◆ Activity ◆
Please repeat, from the entries that follow, the lines from the one containing "y verde papel" through the one containing "Eroski S.orsola vino" exactly, adding nothing.

◆ Data supplied ◆
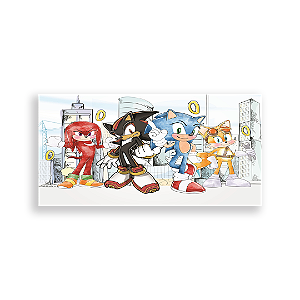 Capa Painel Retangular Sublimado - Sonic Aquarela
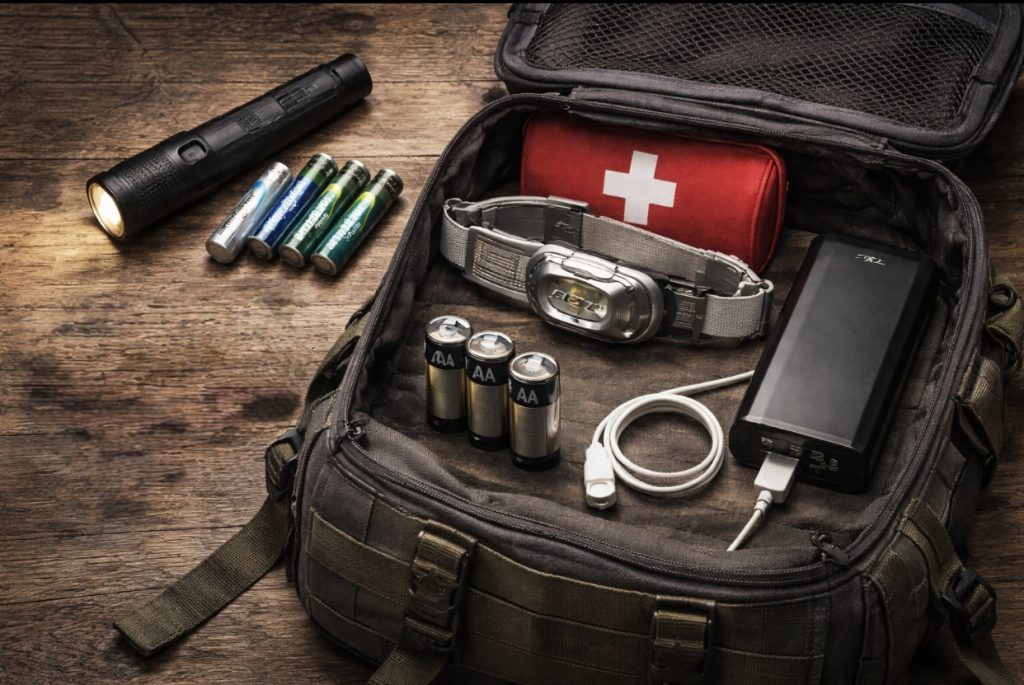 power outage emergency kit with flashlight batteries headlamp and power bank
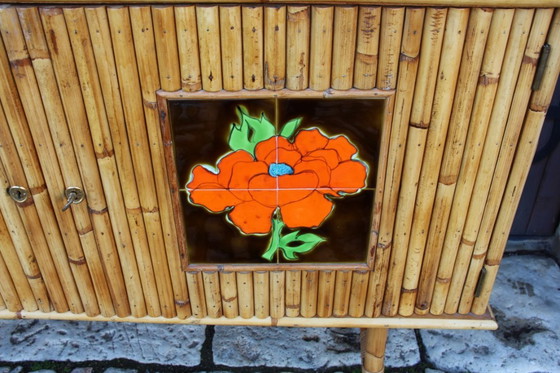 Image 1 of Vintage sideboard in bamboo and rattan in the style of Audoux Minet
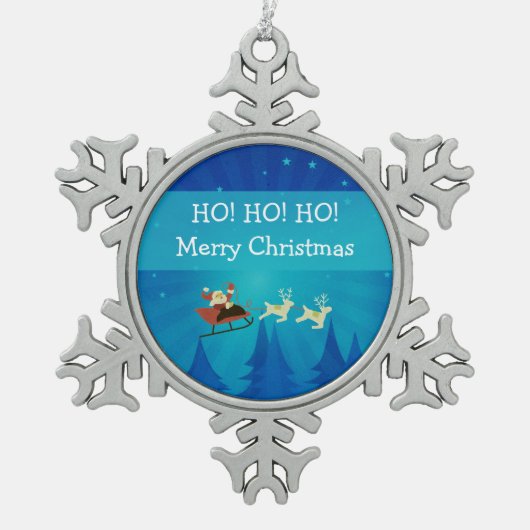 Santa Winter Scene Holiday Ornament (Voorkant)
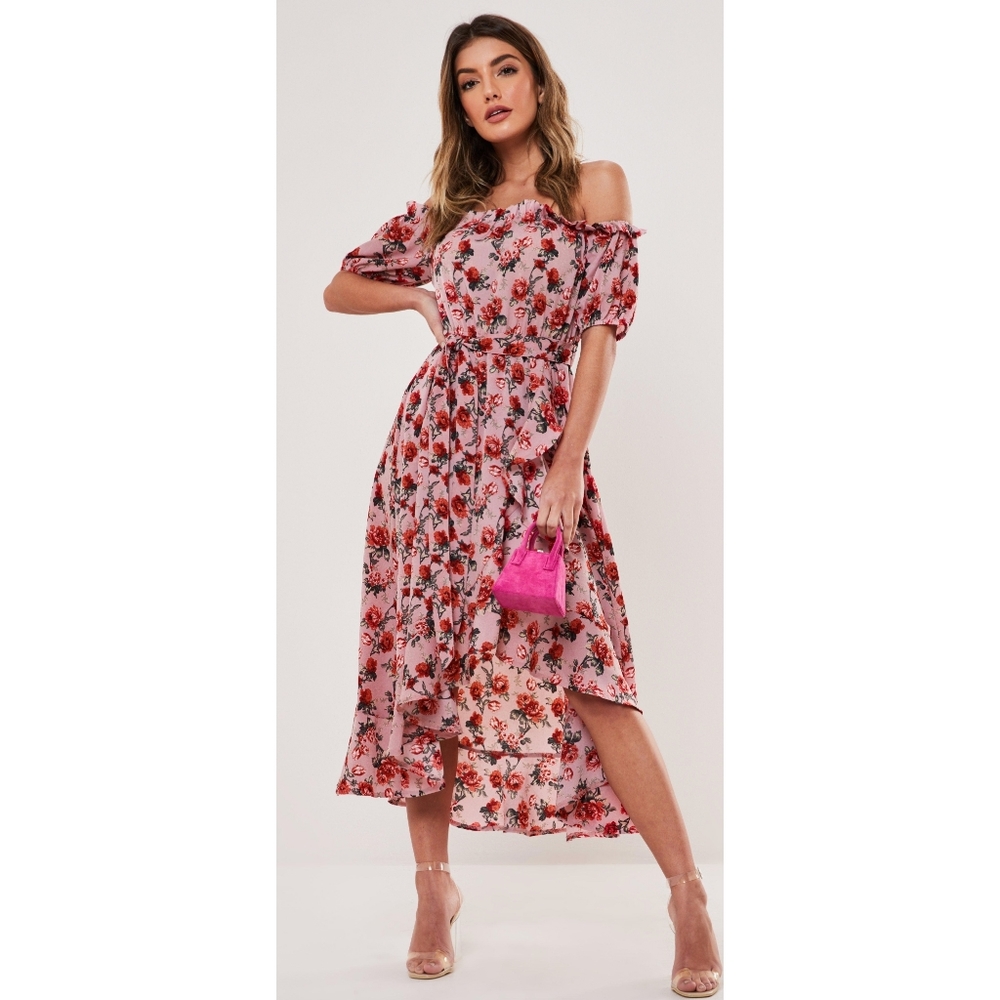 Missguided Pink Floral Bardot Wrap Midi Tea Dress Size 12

---

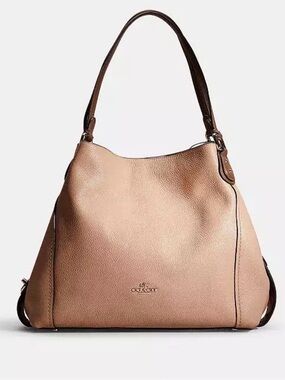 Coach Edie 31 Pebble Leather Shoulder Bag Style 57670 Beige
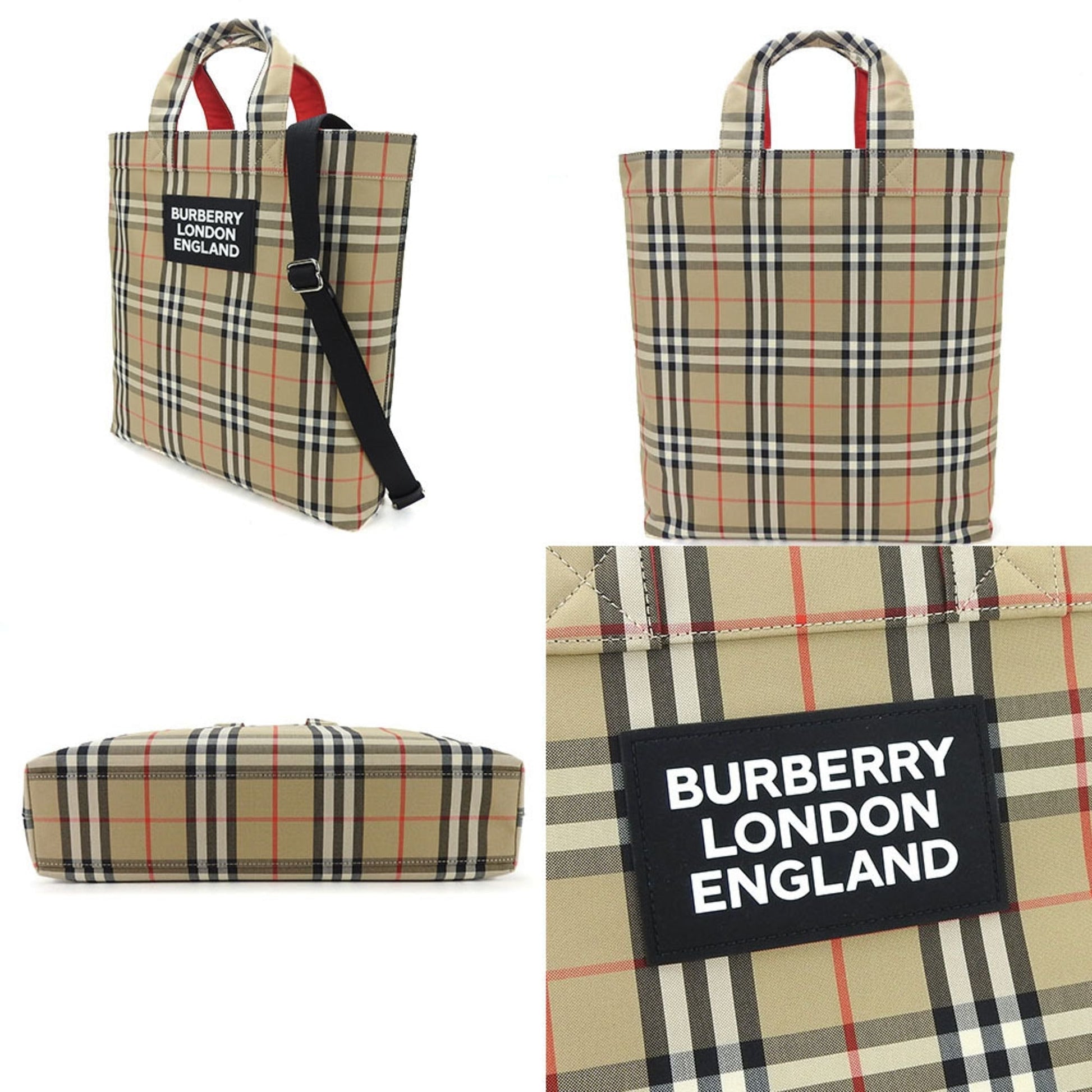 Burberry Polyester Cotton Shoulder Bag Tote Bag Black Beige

--

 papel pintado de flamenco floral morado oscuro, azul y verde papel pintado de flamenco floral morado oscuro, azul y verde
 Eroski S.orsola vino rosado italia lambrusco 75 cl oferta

◆ Output of the exercise ◆
 papel pintado de flamenco floral morado oscuro, azul y verde papel pintado de flamenco floral morado oscuro, azul y verde
 Eroski S.orsola vino rosado italia lambrusco 75 cl oferta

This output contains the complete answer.